Elsewhere in the Pac-12
UCLA-Oregon is clearly the marquee game this week, but some other Pac-12 games carry some heft as well. (Okay, a couple really don't, but we'll take a look at them, too.)
No. 6 Stanford at No. 25 Oregon State
Against Stanford, if you can't run, you probably can't pass either. I said that above, and I believe it, but Oregon State is going to test that premise.

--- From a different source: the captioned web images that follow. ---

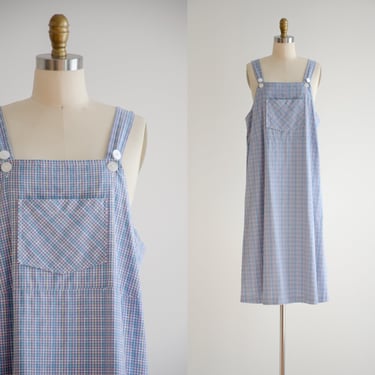 pastel overall dress 80s 90s vintage blue pink yellow plaid cottagecore pinafore dress 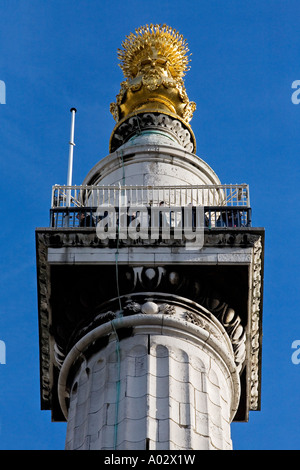 Close up del monumento del lato nord del fiume Tamigi da London Bridge Foto Stock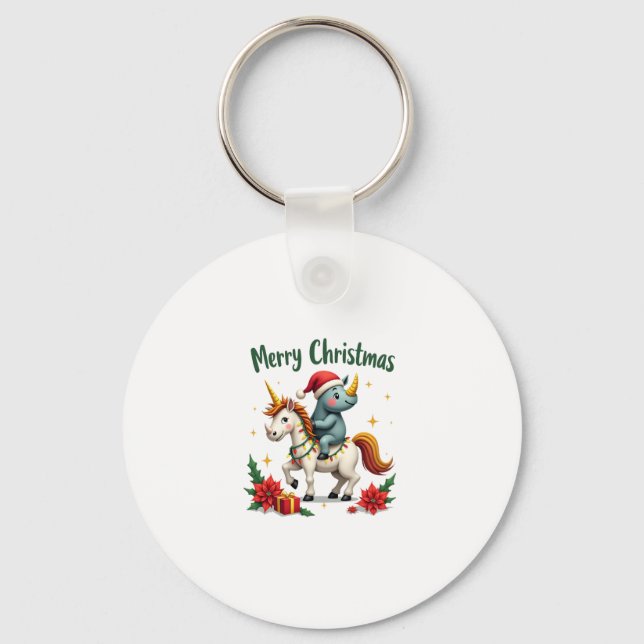 Christmas Rhino Merry Christmas Unicorn Rhino T-Sh Keychain (Front)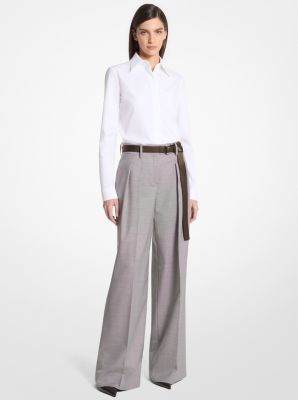 Dogtooth Stretch Wool Pleated Trousers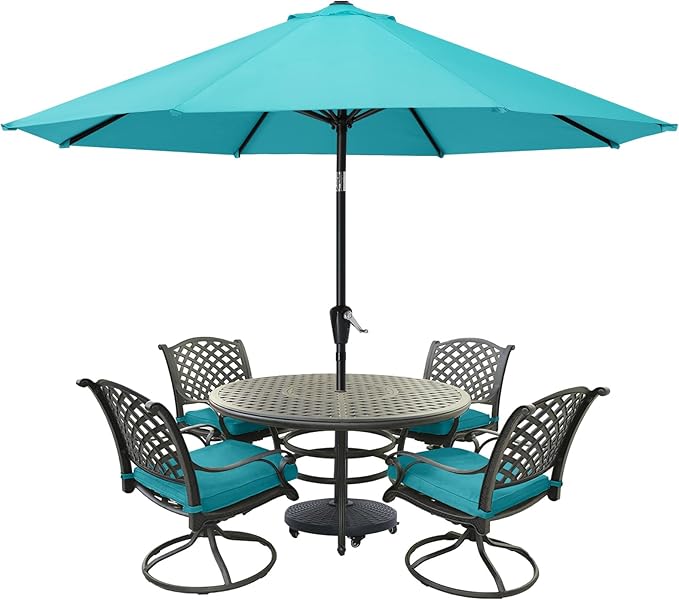 MASTERCANOPY 10FT Patio Umbrella with Push Button Tilt and Crank, Outdoor Market Umbrella with 8 Sturdy Ribs, UV Protection & Waterproof for Garden, Deck, Backyard, Pool (Turquoise)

The Beavers are attempting 50 passes per game, and as I mentioned on Monday, if they somehow reach the Pac-12 title game (which would probably require a win over Stanford), that 14th game could give quarterback Sean Mannion a chance to set the single-season passing yardage record.
Despite the dominant presence of Brandin Cooks (97 targets, 76 catches, 1,176 yards), Oregon State actually employs quite a bit of variety in its passing game. Nine players have been targeted at least once per game, seven at least three per game, and four at least five times per game. Against Washington State two weeks ago, Mannion threw 46 percent of his charted passes left of the hashmarks, 39 percent right, and 15 percent between. One third of his completions came behind the line of scrimmage, one-third came within 10 yards of the line of scrimmage, and one-third were at least 12 yards downfield. The passing game is as balanced as you can get and uses every inch of the field in front of it (and some behind it).
Stanford's is the best pass defense the Beavers will face, but aside from perhaps Utah, Oregon State's will be the best passing game Stanford has faced. It's certainly the most dedicated, anyway. Utah's Travis Wilson averaged just 6.5 yards per pass attempt against Stanford, but the Utes were efficient enough via both ground and air to get to 21 points on an excellent defense. We'll see if Oregon State can do the same via air, ground, air, air, and air.
Utah at USC
These teams rank atop the "Better than you probably think" list, though part of that depends on the health of Utah quarterback Wilson. USC's defense is still top-10 caliber, even if the offense is still a M*A*S*H unit, and if Wilson can deliver his typical brand of high-upside, hilariously-low-downside (in the form of turnovers) ball, the Utes' trip to the Coliseum could be entertaining if nothing else. And it will probably be close: five of Utah's six FBS games have been decided by a touchdown or less (the Utes are 3-2 in such games), and four of USC's have done the same (2-2).
Technically this game could have some importance in the division race, as well, at least if UCLA's struggling offense leads to a Bruin downslide. UCLA or Arizona State could run away with the Pac-12 South, but there could also be a huge logjam at 5-4 or so. Lots to be decided here.
California at Washington
California appears to have run out of gas. After scaring Northwestern and Ohio State to some degree in September, the Golden Bears have lost their four conference games by an average score of 46-16. It's probably not a good time to make a road trip to face a good Washington team, but after last week's debacle against Arizona State, the Huskies have some "How much do you have left in the tank?" questions of their own to address.
Arizona at Colorado
Just how good is Arizona? I asked this question a few weeks ago at Football Outsiders, and I was rewarded with two straight Wildcat losses. But Rich Rodriguez's squad bounced back with an impressive home win over Utah and is holding steady at 20th in the F/+ rankings.
The Wildcats still can't pass (157 net yards in 32 attempts vs. Utah), but they can defend (13th in Def. F/+), and Ka'Deem Carey can run. After missing the season opener against Northern Arizona, Carey has averaged 161 yards per game (6.0 per carry); he carried the Wildcats past Utah, rushing 40 times for 236 yards. He should be too much for Colorado.